Data placement / communications

Whilst the implicit data transfer between the host Python script and vPython kernels is simple to use, it would be useful to provide the programmer with greater control over the data placement of variables and the transfer of their values. The following example declares the array of integers a of size 10 and defines a copy on each of the cores using the define_on_device(a) function call. The initial values of a are based on the values from 1 to 10 passed implicitly in the updateA() function call and the initialised array is passed back to the host using the copy_from_device() function call.

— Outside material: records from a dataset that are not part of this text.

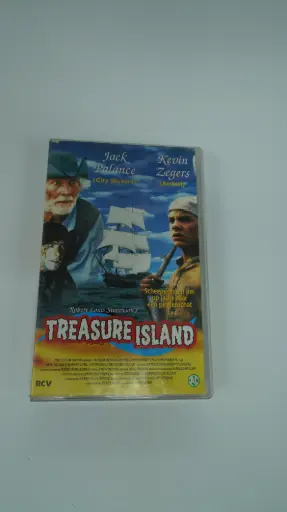 [TrGooVHS00000001418] Treasure Island (VHS, PAL)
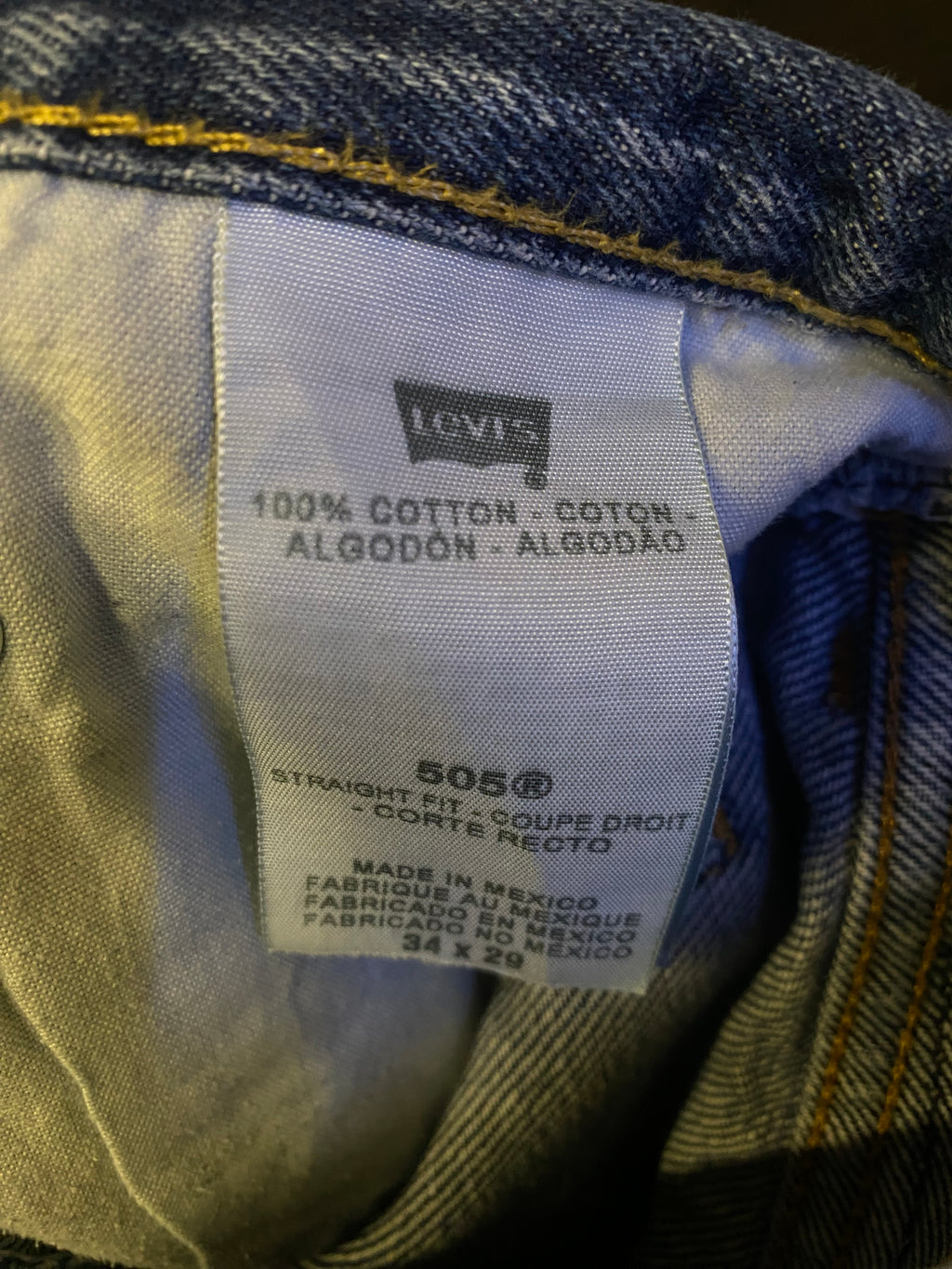 Jeans Flare Levi’s 505 Custom - uomo M | R3BORN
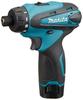 Makita Variable Speed Rechargeable Driver Drill with 2 DF030DWX 10.8V 1.3Ah
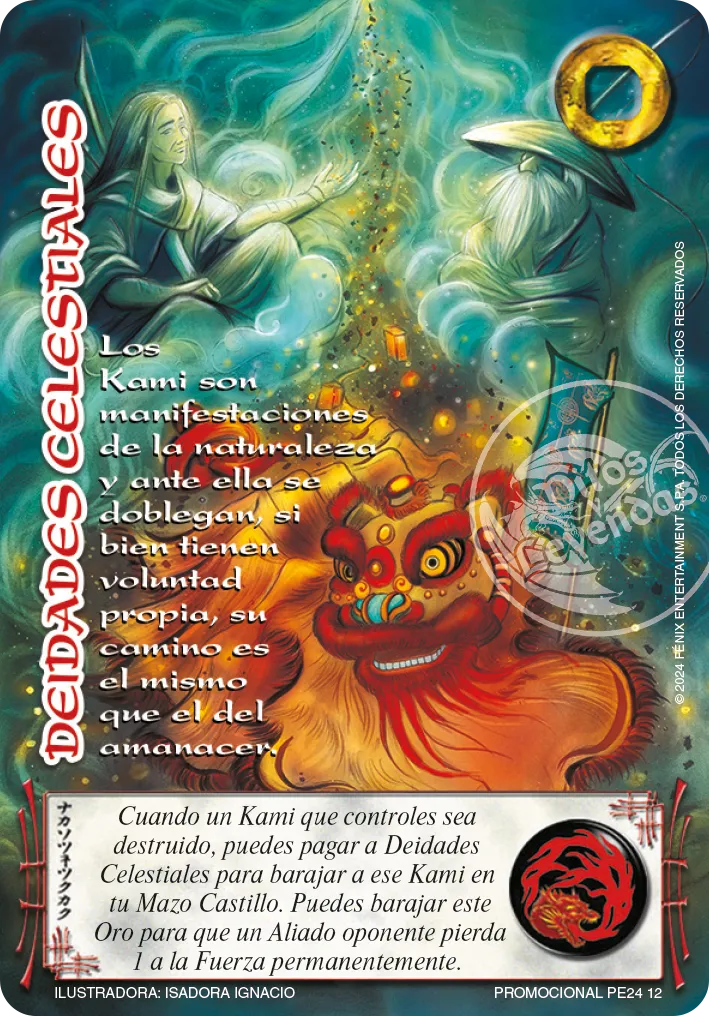 Deidades Celestiales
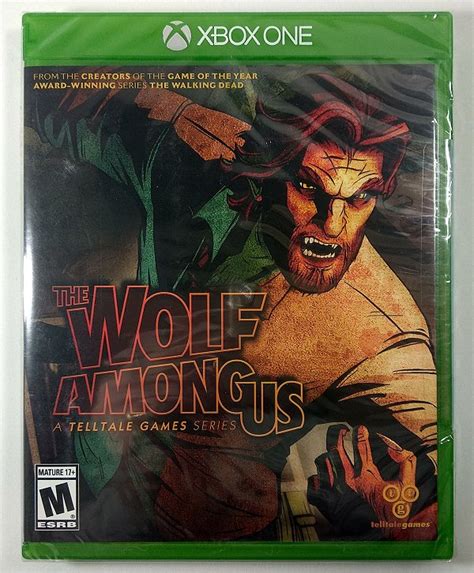 Jogo The Wolf Among Us Lacrado Xbox One Sebo Dos Games 9 Anos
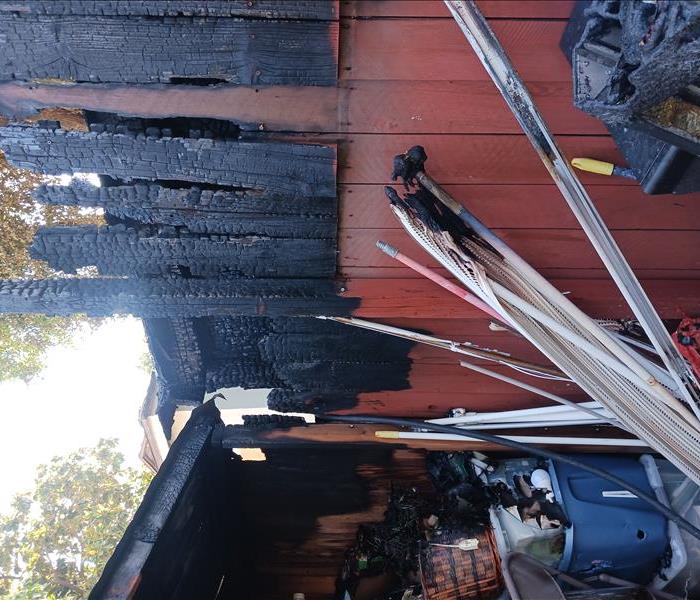 Garage Fire loss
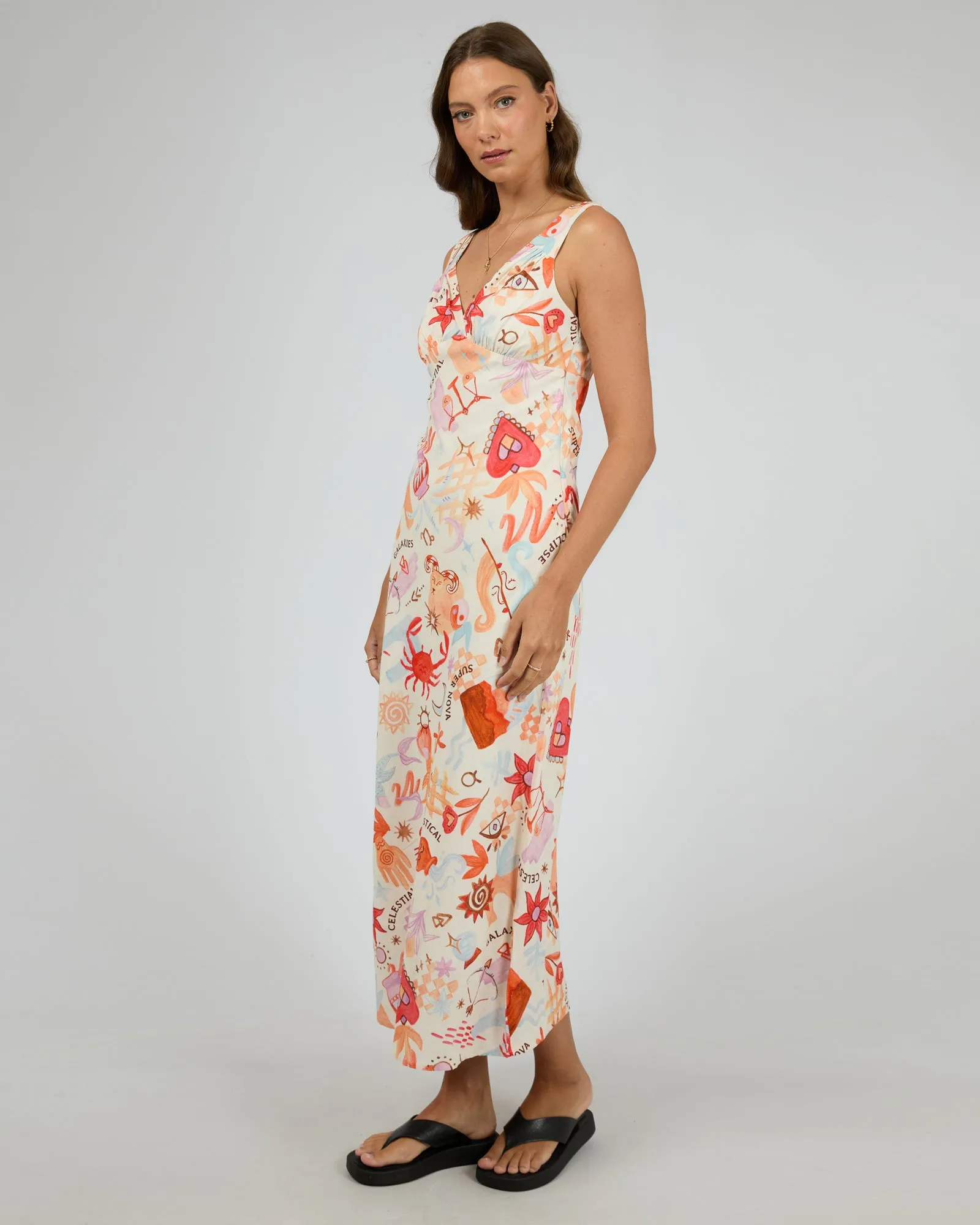 All About Eve Tyra Maxi Dress Vintage White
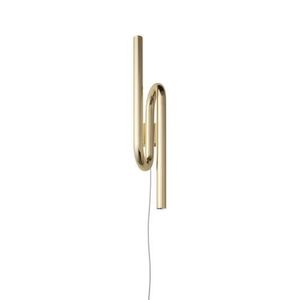 Foscarini Tobia Wandlamp - Goud - met stekker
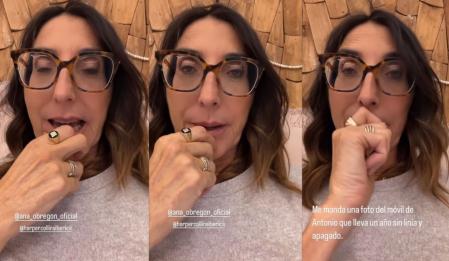 Paz Padilla en su cuenta de Instagram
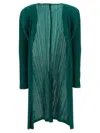 Issey Miyake Monthly Colors Sweaters And Cardigans Green In Green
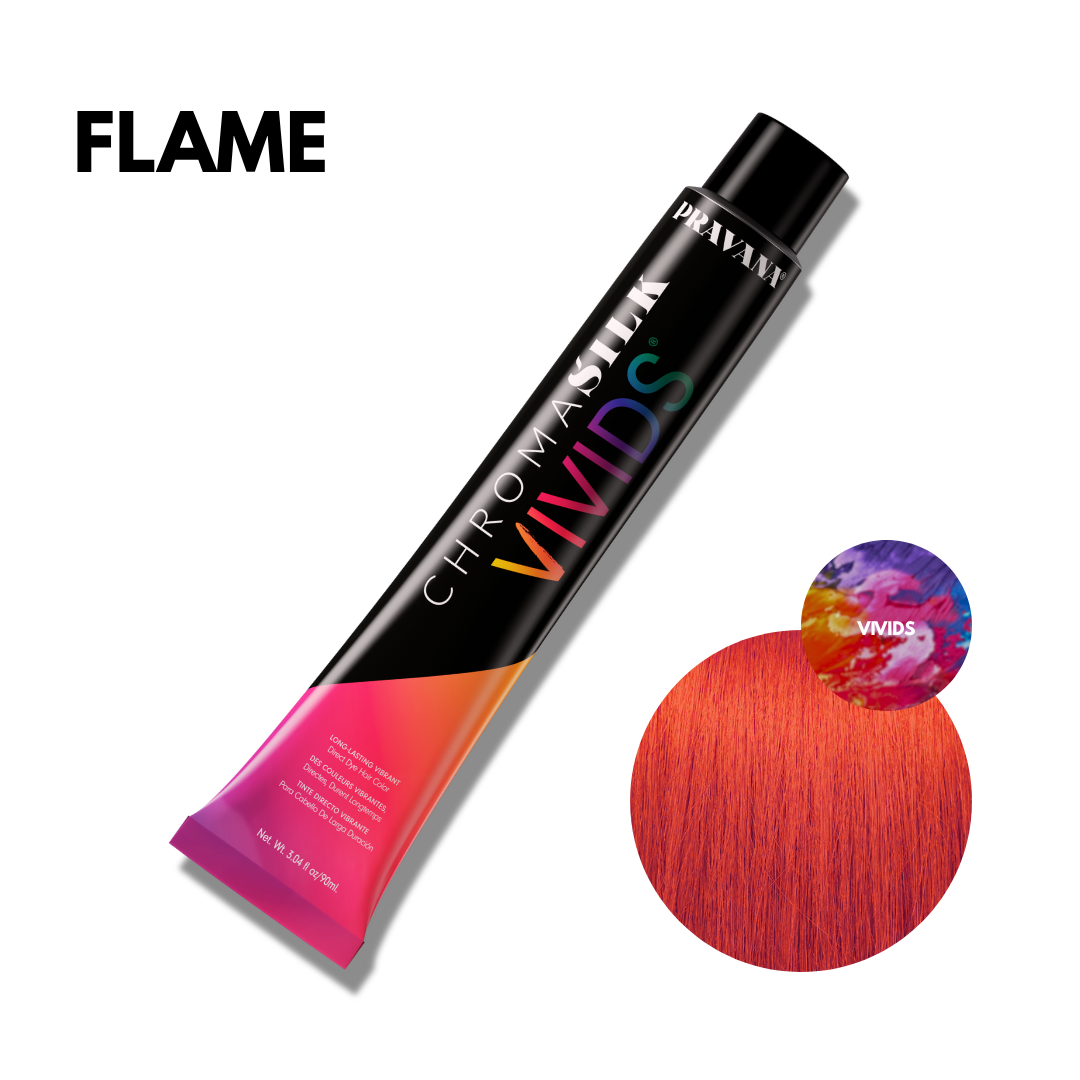 Flame Vivids SemiPermanente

from vpython import offload, define_on_device, copy_from_device

a=[0]*10

define_on_device(a)

@offload
def updateA(i):
  from parallel import coreid
  a[i]=i * coreid()

for i in range(10):
  updateA(i)

print copy_from_device("a")

vPython provides the corresponding copy_to_device() function to, as the name suggests, copy the value of a host Python variable to the cores. By default, these messaging calls are blocking but they can be made non-blocking by passing async=True as an argument. Furthermore, the target can be a single core or a list of cores e.g. target=15, target=[1,3,5] or target=range(10), simplifying the implementation of certain parallel codes and patterns, where computation and communications overlap. For example, data can be transferred to the cores before the kernel functions are launched.

Code placement

Not only can data be transferred a set of cores, kernel functions can also be downloaded and run on specific cores. The @offload function decorator can be passed arguments that limit what cores the function will be executed on. For example, if we wished to only run the updateA() function above on only cores 1, 3 and 5, we would use the following decorator @offload(target=[1,3,5]). The offload decorator provides other parameters that control the execution of the kernel function:

Parameter Description
async If set to True, the kernel will run in a non-blocking manner where the function call will return a handler of type KernelExecutionHandler immediately, which represents the state of the kernel execution of the micro-cores. Thsi can then be tested to determing the run-state of the kernel (completion etc.), allowing waiting on one or more cores.
auto Where n is the number of cores the kernel function should execute on but does not specify the actual placement
all If set to True, the kernel will execute on all the available micro-cores (default)
target One or more target cores that the kernel function will execute on

As vPython supports micro-core devices that have independently running cores, the above @offload parameters allows the deployment of application patterns that rely on different kernels running on different cores at the same time. Furthermore, these kernels can communicate with the host process or the other kernel functions directly, providing a fully parallel programming environment for vPython programs on the target micro-core devices.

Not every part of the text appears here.